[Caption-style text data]
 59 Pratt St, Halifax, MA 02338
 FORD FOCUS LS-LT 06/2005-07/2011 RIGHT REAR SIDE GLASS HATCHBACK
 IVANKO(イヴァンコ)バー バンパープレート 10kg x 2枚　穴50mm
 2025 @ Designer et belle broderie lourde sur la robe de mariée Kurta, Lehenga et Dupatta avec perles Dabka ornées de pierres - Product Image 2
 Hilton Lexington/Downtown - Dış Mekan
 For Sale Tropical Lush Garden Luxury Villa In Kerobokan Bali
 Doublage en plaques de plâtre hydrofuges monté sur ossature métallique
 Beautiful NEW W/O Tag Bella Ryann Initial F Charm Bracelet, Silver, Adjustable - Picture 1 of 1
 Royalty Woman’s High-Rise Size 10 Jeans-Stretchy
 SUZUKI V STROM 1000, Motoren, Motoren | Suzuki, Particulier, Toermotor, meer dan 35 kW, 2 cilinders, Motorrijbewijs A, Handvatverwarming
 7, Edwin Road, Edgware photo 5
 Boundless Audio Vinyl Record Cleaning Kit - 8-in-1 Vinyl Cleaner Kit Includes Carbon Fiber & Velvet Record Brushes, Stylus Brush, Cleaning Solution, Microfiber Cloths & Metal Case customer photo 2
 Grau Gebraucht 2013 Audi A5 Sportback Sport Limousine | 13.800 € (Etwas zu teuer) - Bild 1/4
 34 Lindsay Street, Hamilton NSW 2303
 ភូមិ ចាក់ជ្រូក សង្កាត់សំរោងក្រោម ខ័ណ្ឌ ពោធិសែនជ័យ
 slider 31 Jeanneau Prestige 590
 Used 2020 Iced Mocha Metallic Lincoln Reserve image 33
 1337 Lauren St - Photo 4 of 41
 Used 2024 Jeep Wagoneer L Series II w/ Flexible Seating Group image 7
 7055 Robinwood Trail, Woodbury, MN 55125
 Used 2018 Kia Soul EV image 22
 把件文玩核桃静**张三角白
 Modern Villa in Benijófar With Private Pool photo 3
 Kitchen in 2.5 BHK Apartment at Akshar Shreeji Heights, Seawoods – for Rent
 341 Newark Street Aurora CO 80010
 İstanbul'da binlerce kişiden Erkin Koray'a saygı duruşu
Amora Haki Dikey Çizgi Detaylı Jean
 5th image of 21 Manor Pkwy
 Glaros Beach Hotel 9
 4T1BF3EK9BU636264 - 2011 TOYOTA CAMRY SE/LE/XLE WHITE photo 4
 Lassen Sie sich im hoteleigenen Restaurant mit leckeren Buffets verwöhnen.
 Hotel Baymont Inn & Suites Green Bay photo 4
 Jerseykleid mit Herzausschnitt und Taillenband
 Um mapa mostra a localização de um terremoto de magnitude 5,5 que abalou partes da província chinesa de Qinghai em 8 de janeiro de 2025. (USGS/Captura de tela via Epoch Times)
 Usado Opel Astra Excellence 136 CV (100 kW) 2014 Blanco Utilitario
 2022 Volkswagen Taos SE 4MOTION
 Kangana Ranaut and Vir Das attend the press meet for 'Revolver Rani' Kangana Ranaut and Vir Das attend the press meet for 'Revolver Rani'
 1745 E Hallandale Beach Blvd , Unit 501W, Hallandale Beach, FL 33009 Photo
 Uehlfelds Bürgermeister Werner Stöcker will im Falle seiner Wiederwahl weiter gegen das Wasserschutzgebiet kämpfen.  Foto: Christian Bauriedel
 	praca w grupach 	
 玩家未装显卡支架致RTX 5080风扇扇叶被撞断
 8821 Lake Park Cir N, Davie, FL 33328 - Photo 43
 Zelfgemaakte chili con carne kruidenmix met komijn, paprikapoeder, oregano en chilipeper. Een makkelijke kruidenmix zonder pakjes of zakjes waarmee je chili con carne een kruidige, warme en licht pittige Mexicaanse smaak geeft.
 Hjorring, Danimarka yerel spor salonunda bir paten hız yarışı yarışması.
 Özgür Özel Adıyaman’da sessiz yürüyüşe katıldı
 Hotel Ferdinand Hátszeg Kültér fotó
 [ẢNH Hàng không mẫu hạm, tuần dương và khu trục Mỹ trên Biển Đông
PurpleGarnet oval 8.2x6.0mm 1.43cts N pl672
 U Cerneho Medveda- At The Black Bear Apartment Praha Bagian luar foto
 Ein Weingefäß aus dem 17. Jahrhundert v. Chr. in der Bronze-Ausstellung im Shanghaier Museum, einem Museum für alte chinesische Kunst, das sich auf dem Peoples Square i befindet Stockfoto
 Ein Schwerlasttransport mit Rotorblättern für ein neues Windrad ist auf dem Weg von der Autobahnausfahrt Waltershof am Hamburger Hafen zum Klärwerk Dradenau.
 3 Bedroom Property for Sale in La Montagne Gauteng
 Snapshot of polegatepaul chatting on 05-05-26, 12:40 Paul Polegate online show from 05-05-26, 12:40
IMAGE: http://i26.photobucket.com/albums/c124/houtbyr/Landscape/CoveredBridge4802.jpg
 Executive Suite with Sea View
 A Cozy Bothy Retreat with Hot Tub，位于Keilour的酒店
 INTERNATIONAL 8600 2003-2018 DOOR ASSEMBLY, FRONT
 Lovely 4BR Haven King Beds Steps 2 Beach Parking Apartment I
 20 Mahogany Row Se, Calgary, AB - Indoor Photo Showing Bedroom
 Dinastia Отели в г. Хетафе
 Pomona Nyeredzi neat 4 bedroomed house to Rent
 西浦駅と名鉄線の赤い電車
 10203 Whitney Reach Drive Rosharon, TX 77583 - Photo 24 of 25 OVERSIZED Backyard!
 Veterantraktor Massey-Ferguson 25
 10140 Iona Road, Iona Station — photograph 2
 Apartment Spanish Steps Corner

Instructions to follow:
Search the data above for the string "Street". Report every line where it is found.

Result:
 34 Lindsay Street, Hamilton NSW 2303
 341 Newark Street Aurora CO 80010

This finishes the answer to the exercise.